# Your goal
In the entries below, begin at the line that has "Women’s Ruca Stripe", stop after the line that has "Compozitie pentru baie", and output those lines exactly with no pictures.

═════ Given data ═════

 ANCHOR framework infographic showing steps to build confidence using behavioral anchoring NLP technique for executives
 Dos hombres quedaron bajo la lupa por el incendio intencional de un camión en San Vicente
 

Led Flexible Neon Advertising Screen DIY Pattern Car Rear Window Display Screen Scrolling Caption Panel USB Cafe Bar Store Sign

═════
═════ Given data ═════

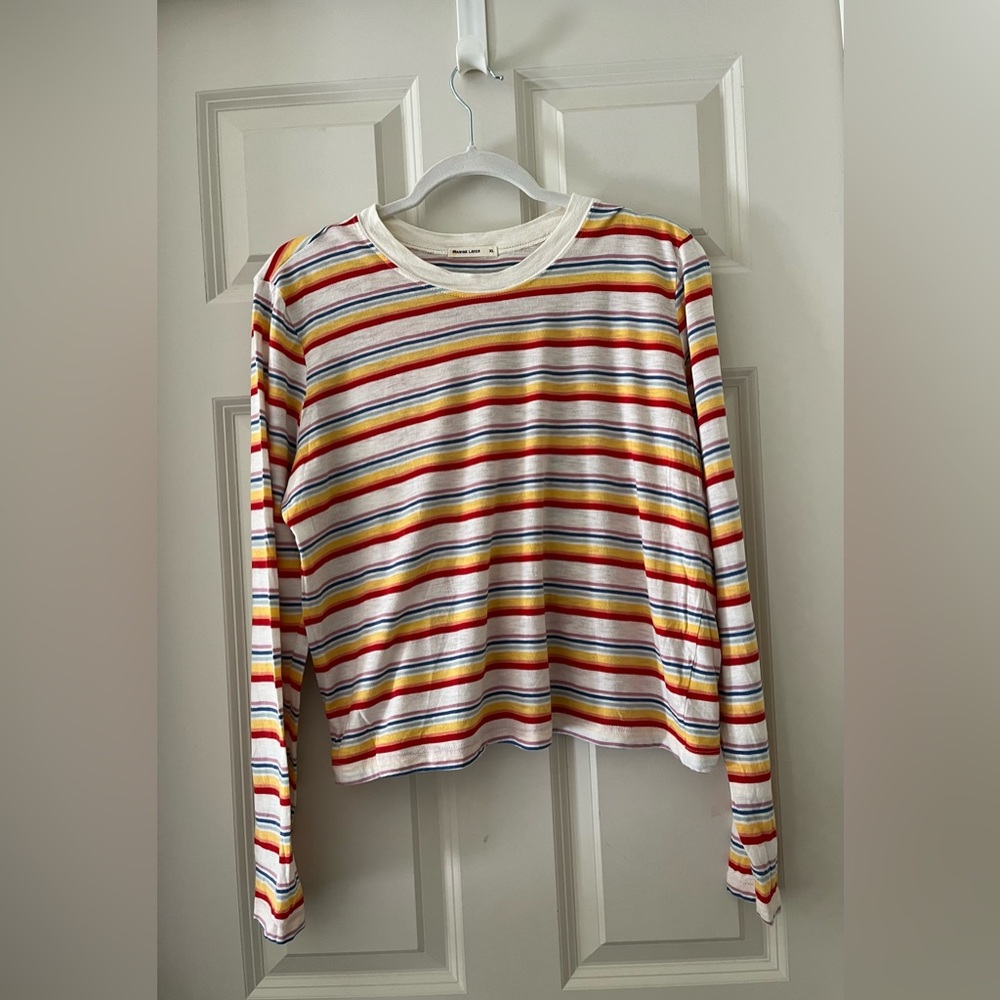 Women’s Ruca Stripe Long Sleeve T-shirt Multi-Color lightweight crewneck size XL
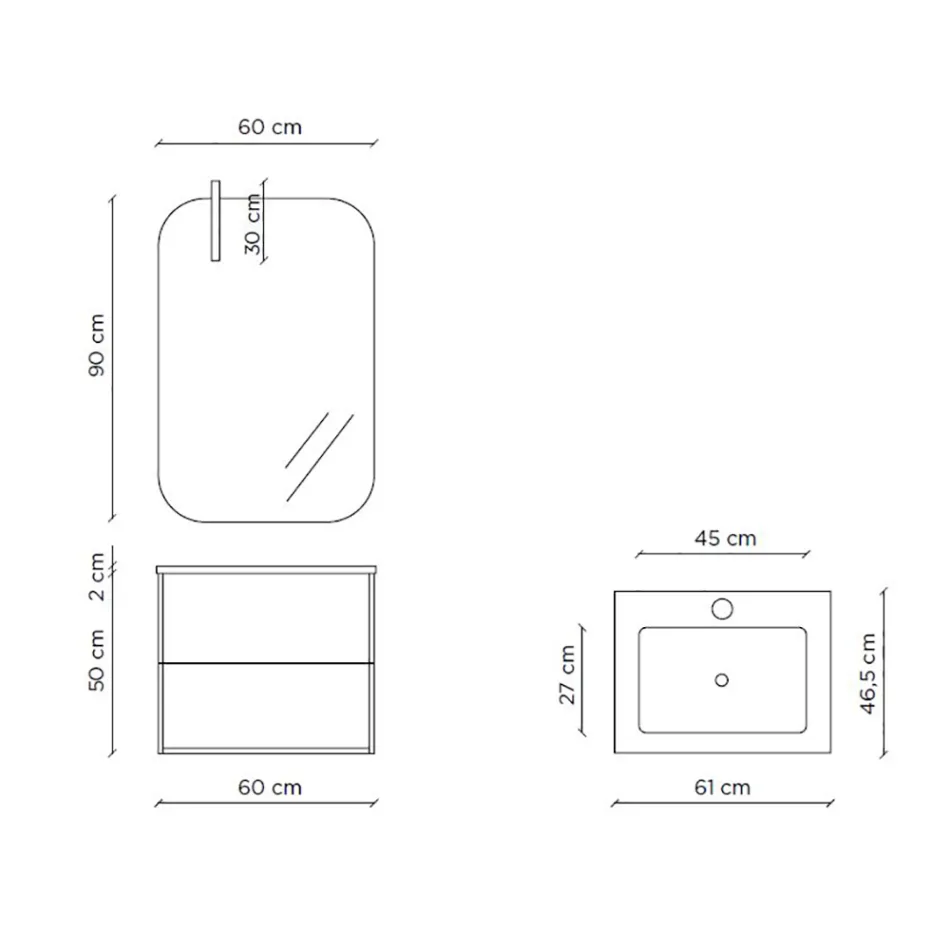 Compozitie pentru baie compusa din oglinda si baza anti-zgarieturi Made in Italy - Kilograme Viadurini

═════
═════ Given data ═════

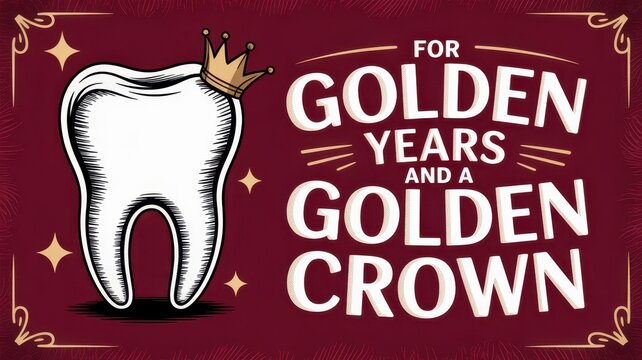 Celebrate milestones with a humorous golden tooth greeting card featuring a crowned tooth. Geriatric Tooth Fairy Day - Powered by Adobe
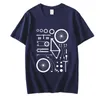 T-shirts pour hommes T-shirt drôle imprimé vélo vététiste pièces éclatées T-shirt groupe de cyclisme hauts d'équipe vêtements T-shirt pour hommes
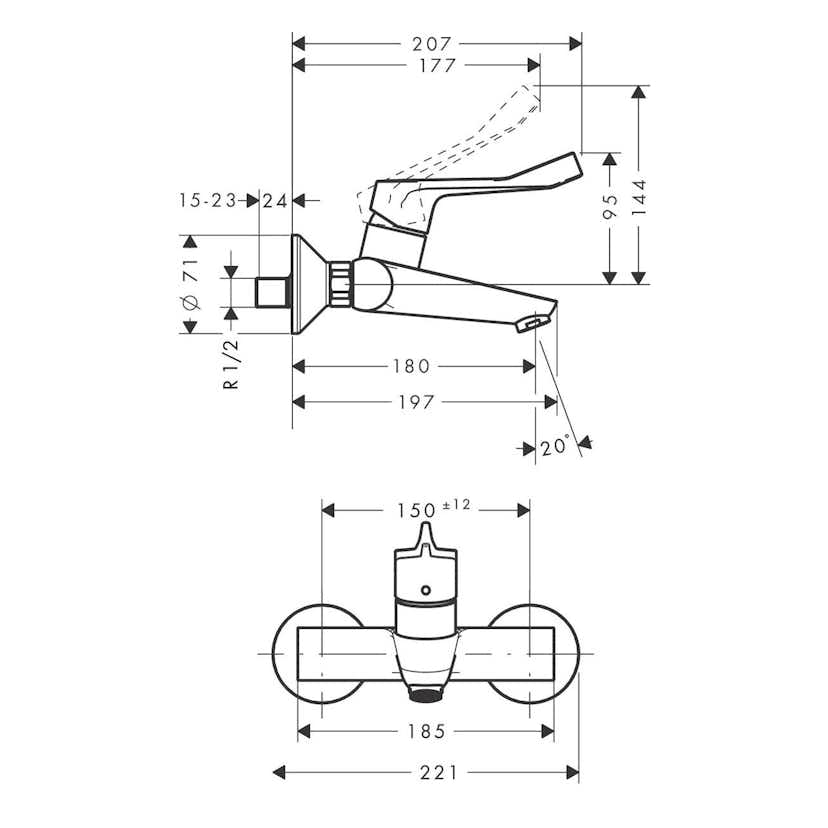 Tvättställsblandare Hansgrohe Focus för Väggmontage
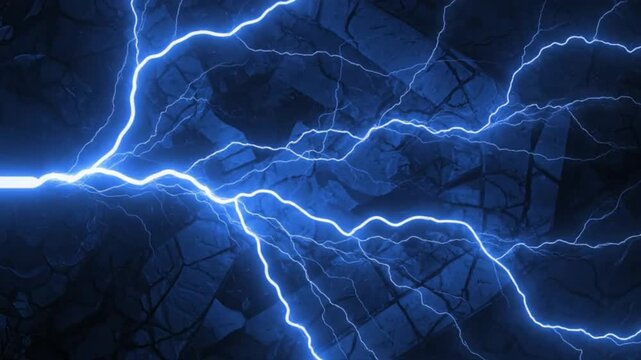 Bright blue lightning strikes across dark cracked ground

═════

# Expected answer
 Women’s Ruca Stripe Long Sleeve T-shirt Multi-Color lightweight crewneck size XL
 Compozitie pentru baie compusa din oglinda si baza anti-zgarieturi Made in Italy - Kilograme Viadurini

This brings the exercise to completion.